Many of them “are less grassroots organizations than ‘astro-turf’ groupings funded and sometimes created by special interests aligned with partisan factions within the Republican and Democratic parties,” notes Critchlow, an Arizona State University professor who specializes in political history. As examples, he cites billionaire brothers Charles and David Koch as funders of FreedomWorks on the right and billionaire George Soros and his Open Society Foundations as “major funders of many left-wing activist groups.”

Critchlow then observes:

As a consequence, grassroots social protest takes on a different meaning in a world of wealthy benefactors with their own social and political agendas. Movements in the past often attracted wealthy benefactors, frequently local or state figures. Today, however, multibillionaires and well-endowed philanthropic foundations have poured unprecedented amounts into supporting grassroots activism as well as partisan political campaigns. Indeed, today’s politics of the street appears closer to that of the late Roman Republic when oligarchs, such as Caesar, Sulla, and Catiline, organized mobs to serve their factional interests.

Tension 

One of the past movements that In Defense of Populism covers is anti-communism. “Although many leading anti-communist organizations and leaders received support from big donors and conservative foundations, the anti-communist crusade struck a chord with the larger public,” according to Critchlow. “Many average Americans did not need advertisers or corporations to convince them to be anti-communist or Christian.” Or, or course, oligarchic organizers.

[caption id="attachment_77065" align="alignnone" width="180"] Critchlow (Wikimedia Commons)[/caption]

Critchlow also addresses more-recent conservatism, and its funding. “The differences between Koch libertarianism and Tea Party conservatism signaled the first signs of fissure between the Koch brothers and Republican conservatism, which ruptured when Donald Trump won the White House in 2016,” he writes, after having issue-specifically summarized some of these differences. “By then, many conservatives in the Republican base were attacking the Kochs as globalists out for their own interests.”

There was a tension, exacerbated by the wealth, and its philanthropic expression.

Tension again

Elsewhere, Critchlow references the Borealis Philanthropy’s 2019 partnership with Black Lives Matter to fund the Black-Led Movement Fund. “The Borealis Philanthropy was created in 2014 in Minneapolis to serve as an intermediary between philanthropic foundations and social activist organizations,” he writes, and it “played a critical role in securing a six-year commitment from the Ford Foundation to Black Lives Matter.” Prior to the Ford commitment, he reports, the Black-Led Movement Fund had received funding from six other large grantmakers that he lists.

“The foundations supporting Black Lives Matter express genuine concerns about justice in America, and their support of activists involved in a movement for racial justice is intended to strengthen participation with American democracy,” Critchlow writes. “In a polarized political environment, however, funding support from foundations and private donors with deep pockets reinforces the belief among right-wing voters that an insidious axis of elites has been created.”

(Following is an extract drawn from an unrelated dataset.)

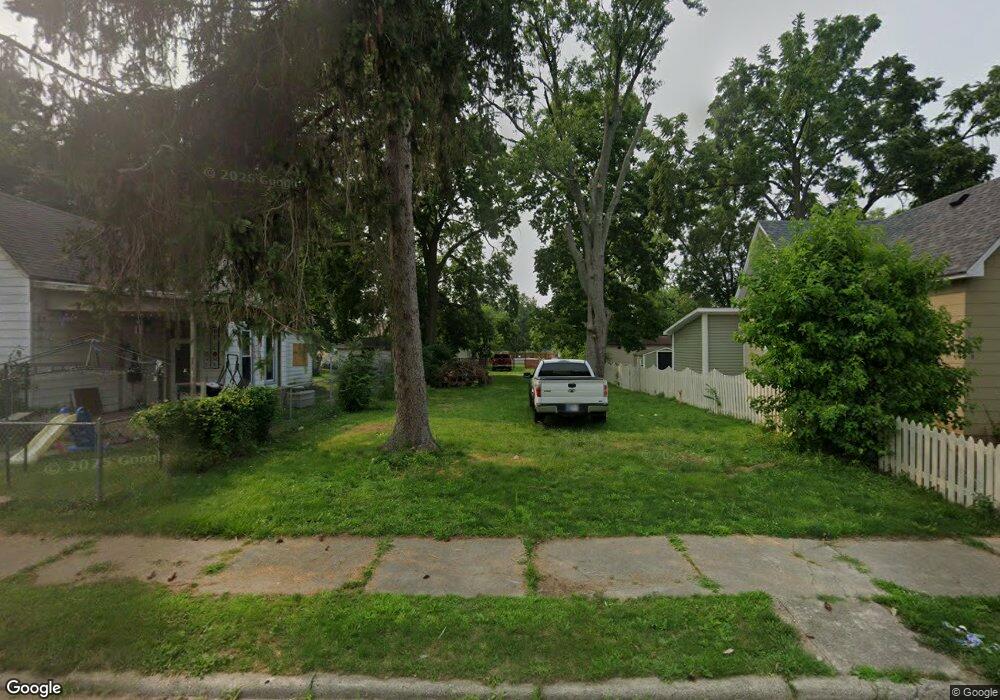 527 W Wilson Ave, Muncie, IN 47305 - photo 1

There is already and may be a growing resentful tension between grassroots grant recipients pursuing social justice as they see it and those progressive elites pursuing “strategic philanthropy” and paying the grassroots groups’ bills, moreover.

Tension again, and again heightened—and not necessarily unhealthily—because of the relevant riches being disbursed and dispersed.

Democracy and disquiet

Critchlow’s historically informed survey and wise insights in In Defense of Populism show that populism hasn’t always been and still isn’t so easily purchasable—which is good for the people, and for politics. Thankfully for democracy, though disquietingly to some, people and their populism aren’t so easily sullied by a Sulla and his specie.